# How to complete this task:
No pictures go into the copy. Write out exactly the lines below from the one containing "Clearance Cage Pro" through the one containing "Photo 0 VIN: 1HGCT2B82HA007221".

# Given data:
· · · · ·

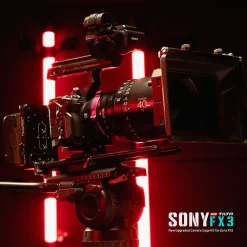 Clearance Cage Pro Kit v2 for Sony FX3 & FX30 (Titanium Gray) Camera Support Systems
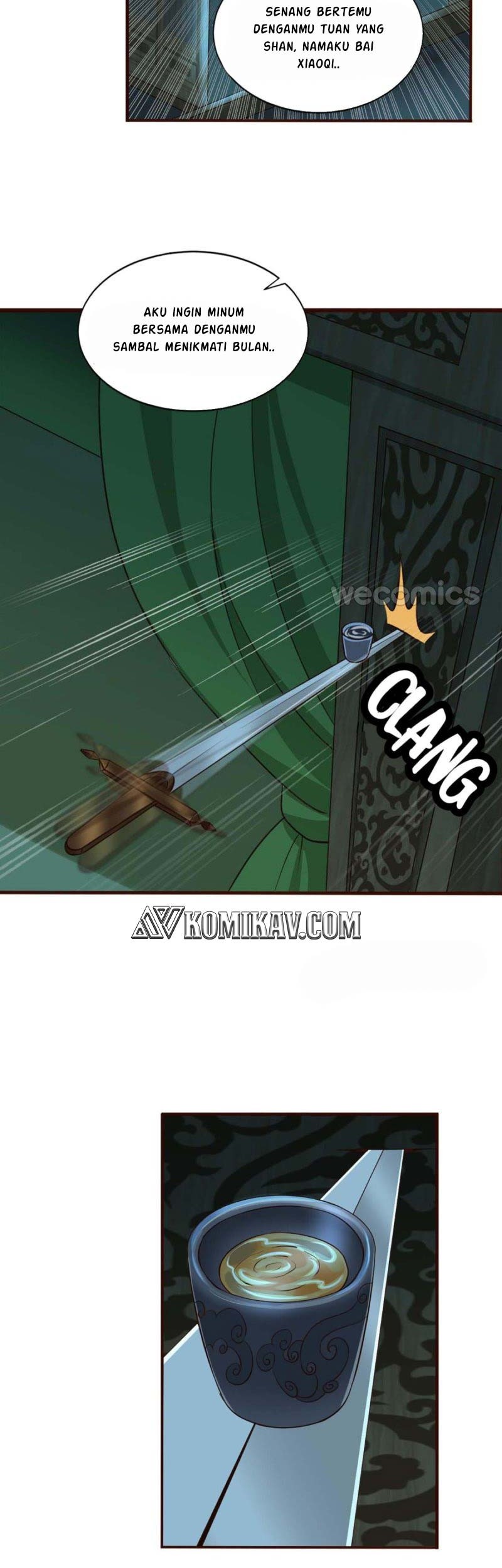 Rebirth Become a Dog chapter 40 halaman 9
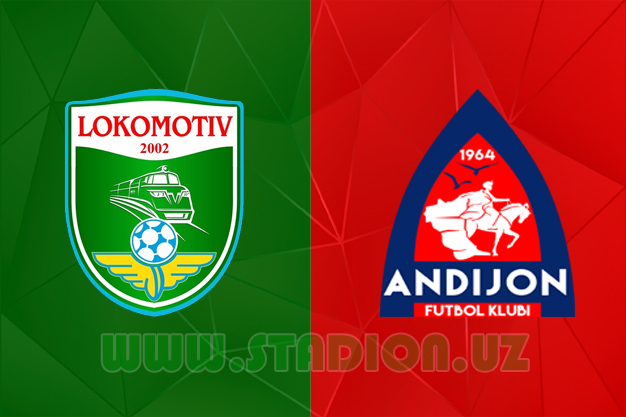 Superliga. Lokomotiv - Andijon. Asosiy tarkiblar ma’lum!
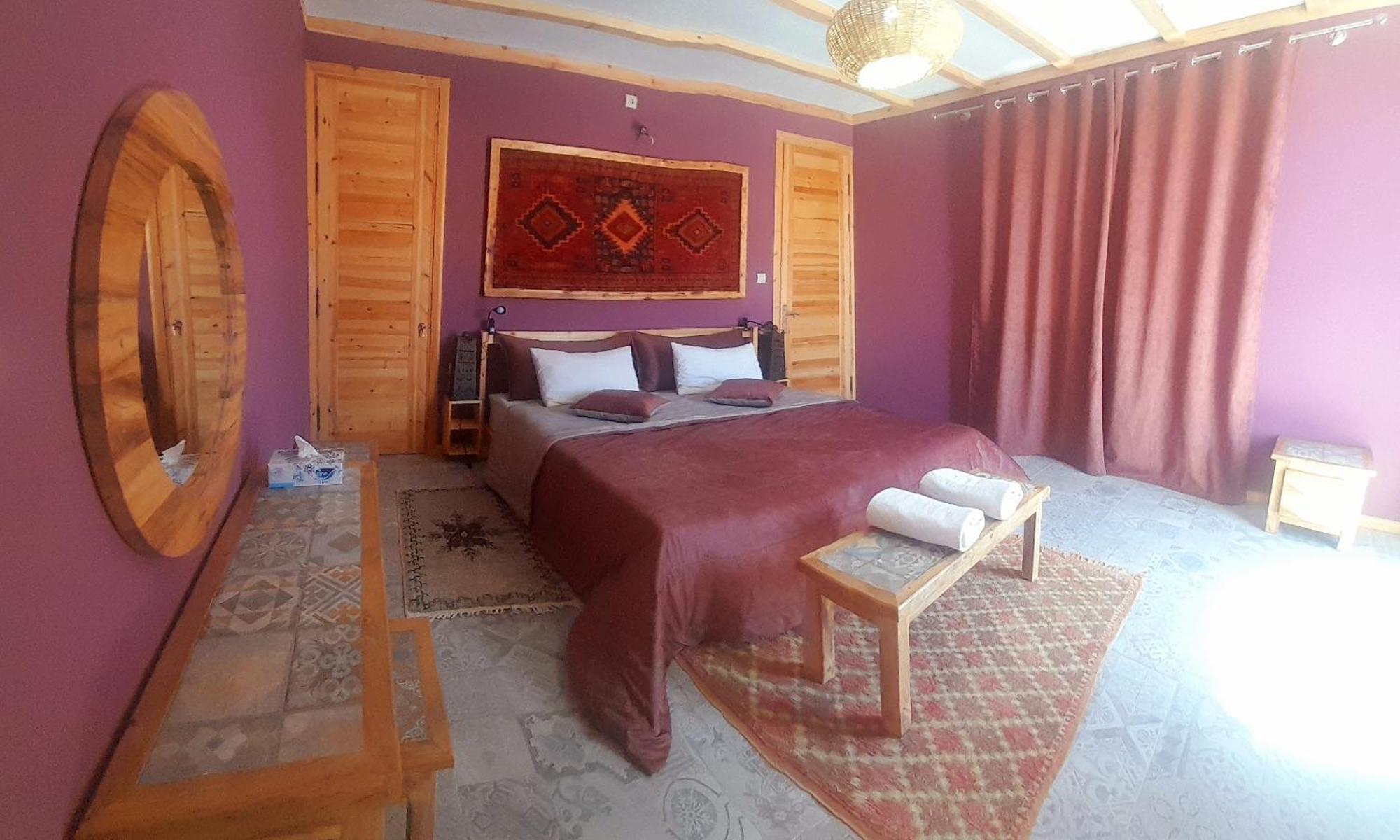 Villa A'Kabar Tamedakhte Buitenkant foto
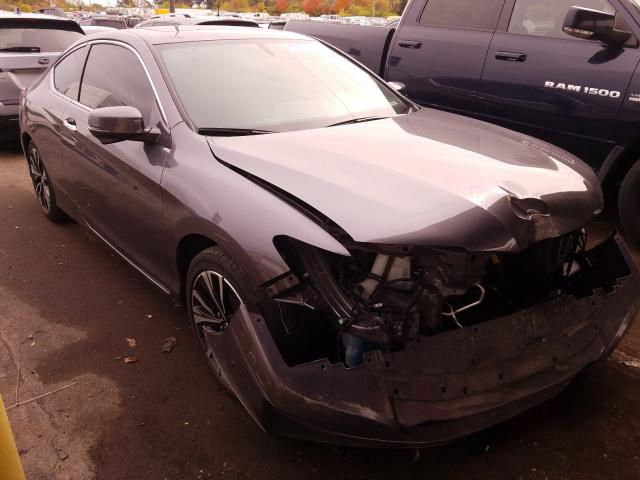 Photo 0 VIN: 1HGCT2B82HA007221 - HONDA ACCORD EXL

· · · · ·

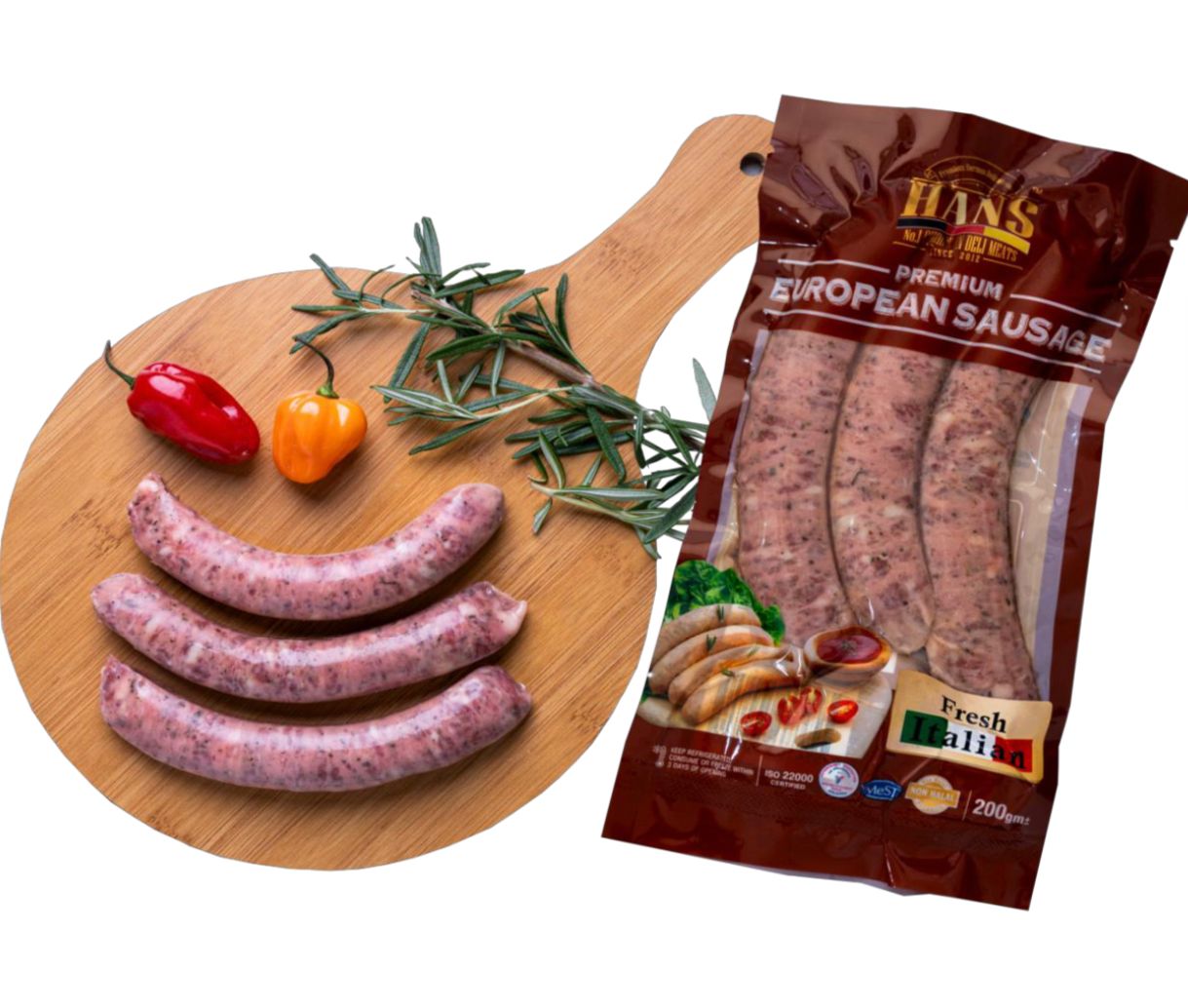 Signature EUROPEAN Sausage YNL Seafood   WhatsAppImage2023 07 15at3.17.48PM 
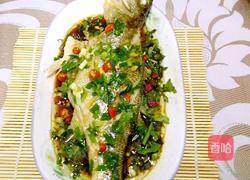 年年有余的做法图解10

· · · · ·

# Result below:
 Clearance Cage Pro Kit v2 for Sony FX3 & FX30 (Titanium Gray) Camera Support Systems
 Rebirth Become a Dog chapter 40 halaman 9
 Superliga. Lokomotiv - Andijon. Asosiy tarkiblar ma’lum!
 Villa A'Kabar Tamedakhte Buitenkant foto
 Photo 0 VIN: 1HGCT2B82HA007221 - HONDA ACCORD EXL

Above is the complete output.